Before moving ahead with the discussion, let’s first clarify the concept of Trigger Price.
In simple terms, trigger price is the price at which the exchange server activates the buy and sell order and makes it ready for execution.
Now stop loss is one of the Zerodha order types that allow you to mitigate your risk involved in trading. Here you can enter the value you wish to exit the trade in case the market trend moves in the direction opposite to yours analysis.
The most important thing here is to define and grab the understanding of how to calculate stop loss. With the right understanding, you would not only minimize the losses but also be able to book the profit at the right value.
Zerodha Stop Loss order is of two types:
SL Order (Stop-Loss Limit): This includes the price plus the trigger price.
SL-M Order (Stop-Loss Market): This order includes only the trigger price.
Let make the concept of stop-loss order clearer with an example.
Let’s assume that you buy a stock of Rs 100, you can set a stop loss at 95. This means that when the value of stock reaches 95, the system sells your stock automatically.
Apart from the type of stop-loss order, Zerodha stop-loss market covers two different cases.
Case 1:If you are in the buy position, then you keep the sell SL.
Read an example to give you the clarity of the concept.
So, let’s say, you buy a position at 100 and place an SL at 95.
Then SL-M order Type will include the SL-M order with trigger price 95. So when the price of the stock or commodity reaches 95 then the sell order will be forwarded to the exchange (NSE, BSE) where it will square off at the market price.
In SL-Order Type: This order type is placed by mentioning the price and trigger price. Since it involves the price to be triggered therefore the trigger prices should be more or equal to price. This will give you the range of Stop Loss.
So, if you keep the range of Rs 0.10
Trigger price Rs 95
As the price reaches 95 the sell order gets triggered and the order is sent to the exchange (NSE, BSE). The exchange squared off the order at the next available bid or at Rs 94.90.
In short, the SL will be executed either at Rs 96 or 94.95 but will not go below 94.90.

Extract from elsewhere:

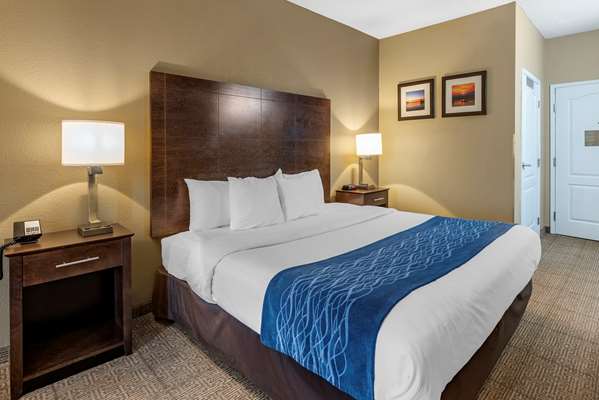  - Comfort Inn & Suites Bryant - I-30, Exit 123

Although it prevents investors from facing loss there are a few disadvantages associated with the same especially when the market falls steeply then there are chances of facing much higher losses.
Case 2: If you are in the sell position, then you will keep the buy SL
Consider the example when the sell position is at 100 and you are willing to place an SL at 105.
Then in case of,
SL-M order type the order get trigger at Rs 105 and the buy market order is sent to the exchange. This will be followed by the square-off of your position at the market price.
In SL order type buy SL order is placed with price and trigger price. The order gets triggered first giving you the range of the stop-loss.
Again, let assume the range of order to be Rs 0.10
Trigger price Rs 105
Price Rs 105.10.
As the price gets triggered at 105, the buy limit is sent to the exchange. There the order gets squared off at the price less than 105.10.
Thus, your order will be executed either at 105.05 of 104 but not above 105.10.
Zerodha Stop Loss and Target
Many investors wonder whether they can place a target and stop-loss order simultaneously to open a Futures position in Zerodha.
Then here is the best answer for all those looking for it.
It is possible to place both the order together but make sure you have a positive balance in your account.
So, you can place two orders of opposite transaction types in the same instrument if you do not require margin for the second order.
Order getting executed primarily will be considered as the exit order. This blocks the margin for the open position that would be about to release.
The released margin can be utilized with the free cash in the trading account.
Before placing both the order simultaneously make sure that you cancel the Stop loss order when your target order gets hit and vice versa.